La prima. I poveri sono ancora poveri, trattati con disinteresse da una larga fascia della popolazione benestante.
La seconda. Alcuni banchieri controllano il potere esecutivo degli stati pur lasciando loro l’apparenza e la denominazione di sovranità.
La terza. C’è un fiorentino importante, tale Matteo Renzi, che si comporta esattamente come i suoi antenati. Non ha remore, non teme nulla. Non si dispiace di dover mettere il gallo in una gabbia e lasciarlo senza cibo: sa che poi i suoi cavalieri arriveranno prima degli altri. È già successo, perché non riprovarci?
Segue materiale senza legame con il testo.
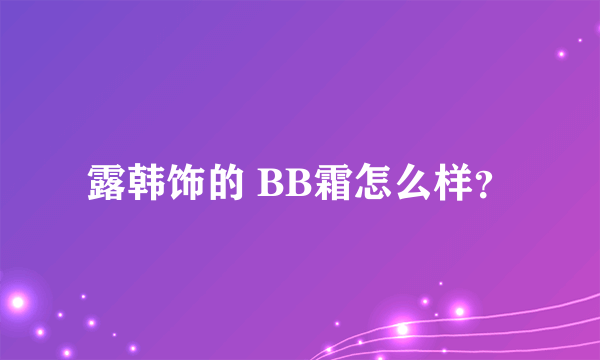 露韩饰的 BB霜怎么样？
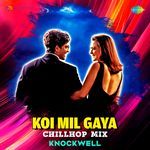 Koi Mil Gaya - Chillhop Mix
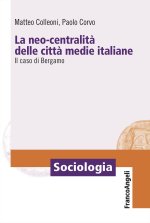 neo-centralità delle città medie italiane. Il caso di Bergamo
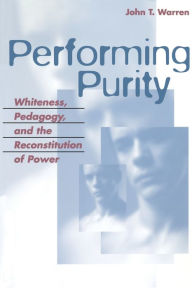 Title: Performing Purity: Whiteness, Pedagogy, and the Reconstitution of Power / Edition 1, Author: John T. Warren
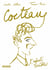 Cocteau, l'enfant terrible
Il problema è proprio questo. In un paese dove non abbiamo ancora risolto il dramma della povertà, che anzi si accentua per responsabilità di spietati operatori finanziari, noi continuiamo ad affidarci ai trucchi, ai mezzucci, alla prevaricazione. Quello che sta facendo Renzi con il PD e Forza Italia è una riproposizione della disputa del pennuto. Non importa sacrificare qualcuno o qualcosa, basta vincere. Oggi sta accadendo: accordandosi con Berlusconi per questa nuova legge elettorale, in un colpo solo Renzi sacrifica l’alleato di sinistra (SEL) e il dettato della Corte Costituzionale. Lo scopo? Arrivare a garantire a sé stesso cinque anni di governabilità, ovvero mettersi al riparo dal giudizio del popolo e dal senso di responsabilità dei deputati fino alla successiva tornata elettorale (su questo argomento è interessante l’editoriale di Marco Bascetta sul Manifesto del 30 gennaio).
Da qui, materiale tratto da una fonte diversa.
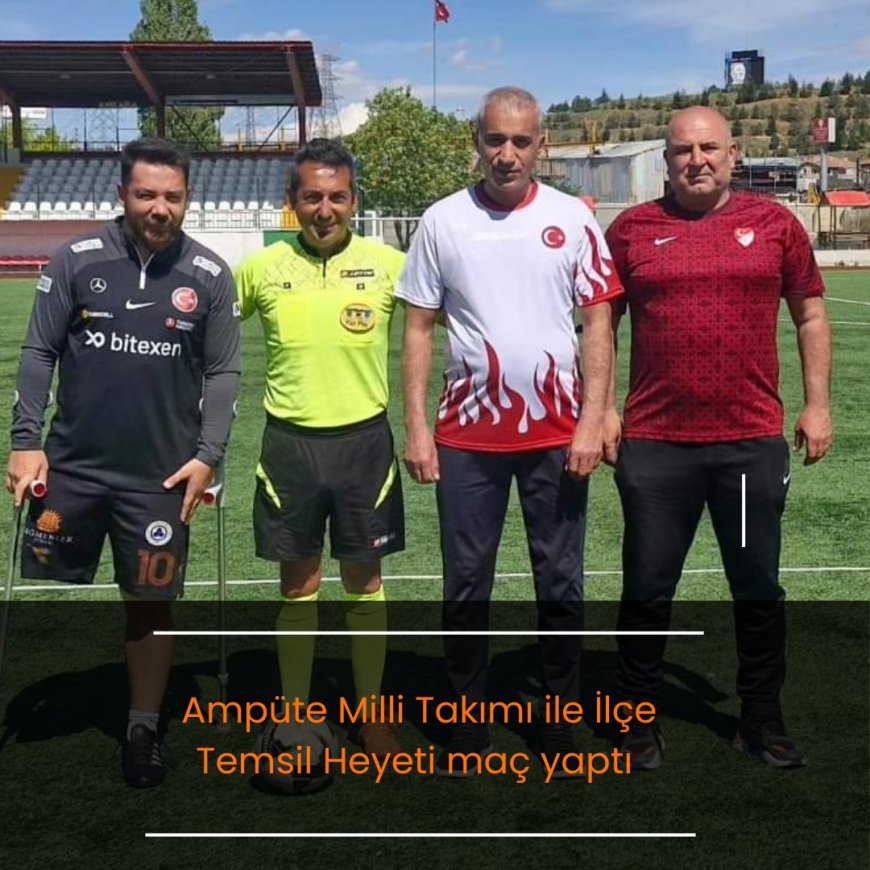 Ampüte Milli Takımı ile İlçe Protokolü maç yaptı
Vedremo allora che cosa accadrà, ma se è vero che in politica il fine giustifica i mezzi è altrettanto chiaro che arriva il momento in cui il governante deve rendere conto al governato. Renzi deve scegliere il da farsi con intensa attenzione. Sta spianando la strada per una riscrittura improvvisata (“l’urgenza delle riforme”, si sente ripetere: ma qual è l’urgenza?) della Costituzione; e chi l’ha studiata, la nostra Costituzione, sa quanto sia attentamente bilanciata in ogni sua parola, perfino nella punteggiatura, per assicurare i diritti di ciascuno e della collettività. Il rischio è di sbilanciare il paese ancora più verso la mancanza di fiducia nelle istituzioni e nei cardini della socialità politica (la Costituzione stessa e il Parlamento), cancellando la rappresentatività di larga parte del corpo elettorale e generando una spirale di soprusi politici. Una vera e propria ingiustizia ai danni di quella parte del paese che non ama sentir parlare di sintonia con chi ha sostenuto un’idea di Italia in cui il corrotto è furbo, il disonesto è costretto a esserlo e l’ostentazione delle capacità economiche è più importante della dignità. Come nel Medioevo.
E come nel Medioevo, Renzi vuole governare senza noie. Ma è bene che il sindaco di Firenze tenga a mente cosa successe nel 1494 al signore di Firenze, che per inciso si chiamava Piero il Fatuo. Fu cacciato. Forse un’occhiatina alla Giuditta, Matteo, la dovrebbe dare. Ogni tanto. Così. È arte.